- **What is expected**
Your answer should consist of the lines in the following data that contain "from".

◆ ◆ ◆ ◆ ◆

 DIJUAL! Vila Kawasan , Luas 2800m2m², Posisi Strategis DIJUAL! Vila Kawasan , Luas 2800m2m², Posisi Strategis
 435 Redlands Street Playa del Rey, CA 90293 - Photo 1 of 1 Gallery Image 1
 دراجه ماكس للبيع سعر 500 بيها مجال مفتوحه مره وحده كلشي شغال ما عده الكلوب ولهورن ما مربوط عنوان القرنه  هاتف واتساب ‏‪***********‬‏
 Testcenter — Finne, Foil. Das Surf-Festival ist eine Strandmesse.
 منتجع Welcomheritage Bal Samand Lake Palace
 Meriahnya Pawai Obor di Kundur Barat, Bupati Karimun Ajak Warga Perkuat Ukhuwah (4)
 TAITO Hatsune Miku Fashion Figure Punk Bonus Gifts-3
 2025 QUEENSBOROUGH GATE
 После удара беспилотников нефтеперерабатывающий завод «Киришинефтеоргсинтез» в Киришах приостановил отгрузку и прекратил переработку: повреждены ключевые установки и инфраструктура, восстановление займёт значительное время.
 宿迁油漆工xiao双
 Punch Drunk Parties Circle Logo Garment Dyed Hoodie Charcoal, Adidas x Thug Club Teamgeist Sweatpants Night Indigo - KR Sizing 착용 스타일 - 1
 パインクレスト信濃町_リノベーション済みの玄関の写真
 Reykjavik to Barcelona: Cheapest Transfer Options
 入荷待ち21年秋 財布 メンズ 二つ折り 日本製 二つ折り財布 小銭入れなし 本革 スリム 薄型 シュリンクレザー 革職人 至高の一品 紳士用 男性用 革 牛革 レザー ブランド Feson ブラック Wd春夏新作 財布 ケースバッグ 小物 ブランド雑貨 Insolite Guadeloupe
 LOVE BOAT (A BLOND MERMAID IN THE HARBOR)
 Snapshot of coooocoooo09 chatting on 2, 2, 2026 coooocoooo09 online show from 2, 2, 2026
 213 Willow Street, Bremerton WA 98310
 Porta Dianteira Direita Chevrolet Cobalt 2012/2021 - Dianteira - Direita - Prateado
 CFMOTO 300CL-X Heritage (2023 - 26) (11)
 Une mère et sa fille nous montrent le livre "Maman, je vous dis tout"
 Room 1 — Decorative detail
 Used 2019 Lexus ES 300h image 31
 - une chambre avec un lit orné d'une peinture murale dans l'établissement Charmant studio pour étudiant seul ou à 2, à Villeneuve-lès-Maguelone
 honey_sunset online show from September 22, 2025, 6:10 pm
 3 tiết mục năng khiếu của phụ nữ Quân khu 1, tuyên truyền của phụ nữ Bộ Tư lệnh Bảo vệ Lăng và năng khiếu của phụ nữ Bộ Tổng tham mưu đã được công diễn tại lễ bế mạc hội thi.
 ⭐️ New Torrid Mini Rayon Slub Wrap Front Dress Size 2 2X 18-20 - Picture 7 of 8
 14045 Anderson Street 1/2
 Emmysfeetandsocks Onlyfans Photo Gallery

◆ ◆ ◆ ◆ ◆

- **Response to the task**
 Snapshot of coooocoooo09 chatting on 2, 2, 2026 coooocoooo09 online show from 2, 2, 2026
 honey_sunset online show from September 22, 2025, 6:10 pm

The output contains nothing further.